08/05/2013/WED/八百五十九日目

多摩美で担当講義「パ」フォーミング・アーツ論。今日は「電気的に増幅される身体」をテーマに、骨伝導マイクによる実演と、ジミ・ヘンドリックスのエレキギターを対比させながら、ヒトラーのマイク、テレフンケンCMV3へと歴史を遡り、ナチスの拡声技術が現在のパフォーマンスの現場に与えた影響について取り上げました。

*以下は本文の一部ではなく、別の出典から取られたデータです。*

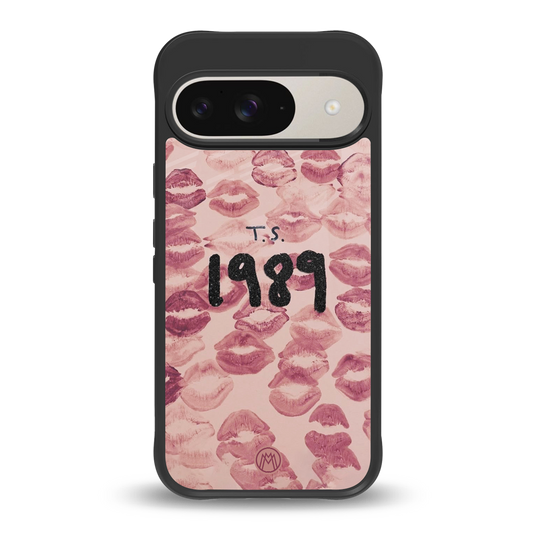 taylor swift 1989 back phone cover | glass case for google pixel 9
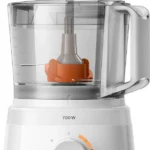 Philips Daily Collection HR7320/00 Πολυμίξερ 700W με Κάδο 2.1lt Λευκό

仕事の帰りに立ち寄ったハードオフで、思わず大正琴を衝動買いしてしまいました。ハードオフとは中古品販売のチェーン店なのですが、よく大正琴を置いています。値段は1000円〜7000円。おそらくお婆さんやお爺さんが弾いていたものが、本人が亡くなった後に流れてきているのでしょう。僕が買った大正琴は、ハードケースと一緒に、前の持ち主が手作りで作ったアップリケ付きの巾着がついてきました。裏面には「堀田節子」と名前がマジックで書いてあります。きっとお婆さんが大切に弾いてたのでしょう。
それにしても大正琴は奇妙な楽器です。何しろピアノとギターとタイプライターが合体しているのですから。民族音楽学者の権威、小泉文夫先生曰く、唯一の日本発祥の楽器らしいのですが、誰でも弾けるメカニカルな構造になっていて、はっきり言って表現力には乏しいです。平均率の採用や標準語整備といった明治期の国策の響きが聴こえてくるような、そんな音色です。しかし面白いことに僕が買ったものにはピックアップがついていて、アンプに突っ込めるようになってるんですね。ジミ・ヘンドリクスのようにノイズ楽器として扱うことで、日本の近代を脱構築していく、そんな面白さを感じています。

震度3以上の地震は観測されず、今日は完封。